🤖 AI Summary
To address the challenges of fusing heterogeneous perception inputs—onboard vision, roadside multimodal data, and natural language instructions—and insufficient robustness in trajectory planning within vehicle-infrastructure cooperative (V2X) systems, this paper proposes the first end-to-end V2X autonomous driving framework based on large vision-language models (VLMs). Methodologically, it unifies environmental understanding and trajectory generation into a single architecture, incorporates contrastive learning to enhance cross-modal representation robustness, and designs a multi-source heterogeneous data fusion module amenable to end-to-end training.

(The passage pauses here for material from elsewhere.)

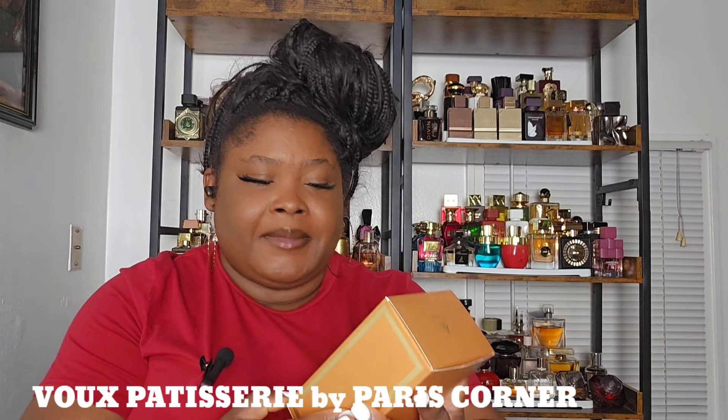Hello friends, welcome back to my channel — I hope you are doing amazing. For those of you that are new, my name is Petra. In today's video I'll be reviewing a fragrance I bought from the House of Paris Corner. This is a viral fragrance I've been hearing a lot of people talk about, and I said I'm gonna get my hands on it to give my honest opinion. The fragrance I'm talking about is Verse Patisserie.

The core contribution lies in the first systematic integration of VLMs into V2X cooperative driving, enabling semantic-level perception-decision integration. Evaluated on the DAIR-V2X benchmark, our approach significantly outperforms state-of-the-art methods. Comprehensive corner-case analysis further demonstrates superior generalization capability and robustness under real-world road deployment conditions.
📝 Abstract
Advancements in autonomous driving have increasingly focused on end-to-end (E2E) systems that manage the full spectrum of driving tasks, from environmental perception to vehicle navigation and control. This paper introduces V2X-VLM, an innovative E2E vehicle-infrastructure cooperative autonomous driving (VICAD) framework with Vehicle-to-Everything (V2X) systems and large vision-language models (VLMs). V2X-VLM is designed to enhance situational awareness, decision-making, and ultimate trajectory planning by integrating multimodel data from vehicle-mounted cameras, infrastructure sensors, and textual information. The contrastive learning method is further employed to complement VLM by refining feature discrimination, assisting the model to learn robust representations of the driving environment. Evaluations on the DAIR-V2X dataset show that V2X-VLM outperforms state-of-the-art cooperative autonomous driving methods, while additional tests on corner cases validate its robustness in real-world driving conditions.